La committenza: vedi sopra: se il bollo laterizio riporta un’indicazione che fa risalire alla famiglia imperiale, non abbiamo alcun dubbio che si tratti di una committenza imperiale, e quindi che siamo in presenza di un edificio importante.
Tutte queste storie sono raccontate dalla mostra Made in Roma. La Gatta Mic, con le sue strisce a fumetti, accompagna lungo tutto il percorso espositivo. In più, ad ogni postazione, c’è la possibilità di farsi il proprio timbro con un autentico bollo antico… un gioco per grandi e piccini, insomma.


Tra gli oggetti in mostra, alcuni reperti davvero notevoli hanno attratto la mia attenzione e stuzzicato la mia fantasia: tra le lucerne spicca quella che sul disco ha rappresentato un dromedario col suo cammelliere, molto esotica, e quella decisamente fuori dal comune, a forma di elmo di gladiatore con la rappresentazione di un incontro tra gladiatori al di sopra e tralci di vite sull’orlo del disco (se così lo si può chiamare).
Davvero notevole, poi, il monumento funerario (calco dell’originale conservato a Treviri in Germania) di III secolo d.C. da Noviomagus (Neumagen, Germania) a forma di nave che trasporta botti di vino. Ecco, quando morirò voglio anch’io un monumento del genere.

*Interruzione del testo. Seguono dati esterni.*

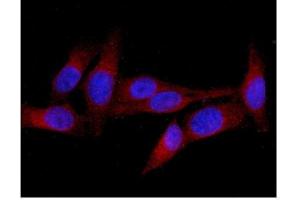 IF analysis of MID1 using anti-MID1 antibody (ABIN6719400). (MID1 anticorps  (AA 226-278))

La mostra poteva essere molto più ampia e molto più ricca di oggetti. Volutamente invece è stata fatta un’accurata, e sicuramente dolorosa, selezione. Quello che importa è che le tipologie di materiali e oggetti sui quali i marchi venivano imposti è quantomai varia e rende l’idea di quali fossero le produzioni, di come potessero funzionare i mercati e di quanto già all’epoca fosse importante differenziare i prodotti, le importazioni, le produzioni. Già in età romana, tra l’altro, esistevano le contraffazioni: ecco che il marchio di fabbrica diventa allora un imprescindibile segno di riconoscimento e garanzia di qualità. Come il Made in Italy, ma relativo a un impero, Roma.